At dusk on a December day in wartime Ukraine, darkness seems to fall early, quickly, and to just keep on falling.
Glowing streetlamps and lighted windows can no longer be relied upon to keep night at bay, because Russian cruise missiles have wrecked two-thirds of Ukraine’s national grid just as freezing temperatures grip the country.
On the 90-minute bus journey from the Polish border to Lviv, with barely a light to be seen in village after village, there is near-silence among the returning Ukrainians as the gloom shows them what a winter of blackouts may be like.
Mobile phones illuminate the passengers’ faces and sometimes bring good news: my neighbour’s parents tell her their electricity has just come back on after an outage of six hours and there is water in the taps.
Scrolling through messages reminds her how life has changed since all-out war began in February: now a phone app delivers automated air-raid alerts, many close friends are in the army or helping as volunteers, and the tips they swap these days are on the best torches, camping stoves and generators to buy.

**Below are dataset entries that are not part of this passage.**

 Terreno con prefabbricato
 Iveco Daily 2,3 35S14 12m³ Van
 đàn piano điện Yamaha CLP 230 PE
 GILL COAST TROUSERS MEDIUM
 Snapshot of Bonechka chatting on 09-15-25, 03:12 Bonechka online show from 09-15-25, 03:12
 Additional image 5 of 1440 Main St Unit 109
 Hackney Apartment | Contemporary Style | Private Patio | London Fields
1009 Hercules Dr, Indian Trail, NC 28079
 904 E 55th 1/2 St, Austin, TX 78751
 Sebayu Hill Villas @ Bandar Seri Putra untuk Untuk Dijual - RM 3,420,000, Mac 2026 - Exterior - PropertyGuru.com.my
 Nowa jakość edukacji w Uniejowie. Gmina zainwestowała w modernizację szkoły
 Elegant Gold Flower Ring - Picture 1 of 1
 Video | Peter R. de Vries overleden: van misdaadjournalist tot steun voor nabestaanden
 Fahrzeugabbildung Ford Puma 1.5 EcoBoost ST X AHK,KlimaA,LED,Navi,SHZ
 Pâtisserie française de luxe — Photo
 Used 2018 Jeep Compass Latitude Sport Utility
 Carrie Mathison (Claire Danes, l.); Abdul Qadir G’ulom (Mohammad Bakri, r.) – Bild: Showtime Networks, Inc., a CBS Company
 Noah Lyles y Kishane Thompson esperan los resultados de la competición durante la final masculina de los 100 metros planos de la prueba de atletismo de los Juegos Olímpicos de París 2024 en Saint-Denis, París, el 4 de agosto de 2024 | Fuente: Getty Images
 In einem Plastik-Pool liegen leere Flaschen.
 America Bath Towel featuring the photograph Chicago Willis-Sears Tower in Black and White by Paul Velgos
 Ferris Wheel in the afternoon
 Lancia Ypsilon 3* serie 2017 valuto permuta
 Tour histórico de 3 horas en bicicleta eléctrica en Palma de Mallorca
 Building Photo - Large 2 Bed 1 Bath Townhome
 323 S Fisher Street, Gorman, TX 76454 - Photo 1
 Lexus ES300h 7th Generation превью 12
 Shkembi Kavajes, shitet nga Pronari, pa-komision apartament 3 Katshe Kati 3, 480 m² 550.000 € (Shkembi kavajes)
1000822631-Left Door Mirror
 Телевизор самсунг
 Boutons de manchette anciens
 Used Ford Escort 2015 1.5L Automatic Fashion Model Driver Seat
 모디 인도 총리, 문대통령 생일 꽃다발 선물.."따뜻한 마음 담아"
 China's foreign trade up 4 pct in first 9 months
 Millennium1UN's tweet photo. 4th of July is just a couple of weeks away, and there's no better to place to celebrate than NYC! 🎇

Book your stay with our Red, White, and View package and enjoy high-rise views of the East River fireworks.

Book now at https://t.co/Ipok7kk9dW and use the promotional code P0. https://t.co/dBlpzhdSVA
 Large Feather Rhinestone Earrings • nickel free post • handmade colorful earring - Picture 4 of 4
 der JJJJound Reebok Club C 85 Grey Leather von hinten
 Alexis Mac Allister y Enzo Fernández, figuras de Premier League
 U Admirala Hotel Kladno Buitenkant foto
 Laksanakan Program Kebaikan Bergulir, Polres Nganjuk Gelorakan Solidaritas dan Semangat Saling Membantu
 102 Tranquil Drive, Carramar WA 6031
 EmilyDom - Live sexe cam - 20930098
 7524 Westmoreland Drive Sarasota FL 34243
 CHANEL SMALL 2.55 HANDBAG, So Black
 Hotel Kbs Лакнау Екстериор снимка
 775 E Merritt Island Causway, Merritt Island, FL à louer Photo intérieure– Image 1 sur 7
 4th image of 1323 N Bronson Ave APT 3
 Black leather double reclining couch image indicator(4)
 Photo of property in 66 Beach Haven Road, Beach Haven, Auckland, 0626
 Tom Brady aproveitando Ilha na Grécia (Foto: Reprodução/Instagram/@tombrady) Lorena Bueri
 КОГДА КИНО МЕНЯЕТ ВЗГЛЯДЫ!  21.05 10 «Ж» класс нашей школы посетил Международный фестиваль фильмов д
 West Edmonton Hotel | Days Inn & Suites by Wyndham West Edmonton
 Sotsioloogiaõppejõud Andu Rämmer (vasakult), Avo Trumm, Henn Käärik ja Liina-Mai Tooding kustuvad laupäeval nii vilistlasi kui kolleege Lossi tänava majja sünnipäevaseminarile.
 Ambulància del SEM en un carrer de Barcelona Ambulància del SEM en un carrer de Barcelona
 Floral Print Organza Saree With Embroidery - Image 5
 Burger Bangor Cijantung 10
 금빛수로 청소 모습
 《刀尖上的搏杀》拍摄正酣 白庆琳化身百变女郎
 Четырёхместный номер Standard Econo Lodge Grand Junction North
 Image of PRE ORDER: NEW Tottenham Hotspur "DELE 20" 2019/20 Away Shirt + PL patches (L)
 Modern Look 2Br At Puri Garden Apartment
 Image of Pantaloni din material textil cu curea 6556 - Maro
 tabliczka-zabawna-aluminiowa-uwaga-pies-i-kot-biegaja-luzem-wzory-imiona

She says the energy crisis is instilling new national obsessions and fears: among the former is a mania for trying to keep gadgets fully charged – computers, phones, torches, power banks – while the latter include a terror of getting stuck in a lift during a blackout.
A friend describes the experience: as he ascended to his 15th-storey flat in a Lviv tower block, a power cut stopped the lift between floors. Guided by an engineer who came mercifully quickly to help, he had to unscrew a panel in the roof of the lift, climb on to the top of the cabin and clamber up to where his rescuer held open the lift-shaft doors.
The energy crisis hits the poor hardest, but everyone is affected: Tymofiy Mylovanov, president of the Kyiv School of Economics and a former economy minister, tweets about daily challenges and dilemmas: should he and his wife sleep in a tent inside their flat because it is easier to heat than the bedroom? Is it sensible to use snow from the balcony to flush the toilet when the water is off, or stupid because it makes the flat colder as it melts?
Russia fired more than 70 missiles at Ukrainian infrastructure again on Monday and, though only about 10 evaded the country’s rapidly improving air defence systems, they caused another wave of emergency blackouts in Kyiv, Odesa and elsewhere.
Even during pauses in the bombardment, planned power cuts of several hours are now the norm as workers make repairs in freezing conditions and with a shortage of key components, such as transformers that suit Ukraine’s largely Soviet-era grid.
Critical facilities have priority for scarce electricity, and backup systems have kept the lights on at Lviv’s regional clinical hospital.
“The intensity of our work has increased substantially compared to last year. We’ve been treating many people from central, eastern and southern Ukraine, performing a high number of surgeries day and night, including urgent cases,” says Dmytro Averchuk, a member of the cardiac surgery team led by his father, Vitalii.
The health ministry recommended this week that Ukrainian hospitals postpone elective surgery, and some operating theatres and intensive care beds are already kept free in case of a major emergency, such as a missile strike that causes mass casualties.
Vitalii says these wartime conditions limit the capacity of his department, but his greatest concern is for its dwindling stock of top-quality, western-made prosthetic heart valves; nevertheless, he says “we are ready” for whatever winter may bring.
Five hundred kilometres to the east, snow already lies thick on the ground in Kyiv, where mayor Vitali Klitschko has been chided for allegedly failing to set up enough “invincibility points” – places where people can get warm, find water, charge phones and go online during blackouts; he accuses critics of playing politics at the worst possible time.
“We haven’t needed to use the invincibility points... The power comes and goes in our district, but we can get by,” says Dima Tertychniy, as he walks past Kyiv’s 1,000-year-old St Sophia cathedral with his mother, Tetyana.
If Russians expect to break Ukraine’s spirit “they shouldn’t hold their breath”, she says. “It will all be okay – it will all be Ukraine!” she adds, using a popular rallying cry.
When the Averchuks spoke to The Irish Times in March, Vitalii said Russia’s full-scale invasion was a historic examination of Ukrainian character and nationhood.
Nine months on he says: “We’re passing the test.”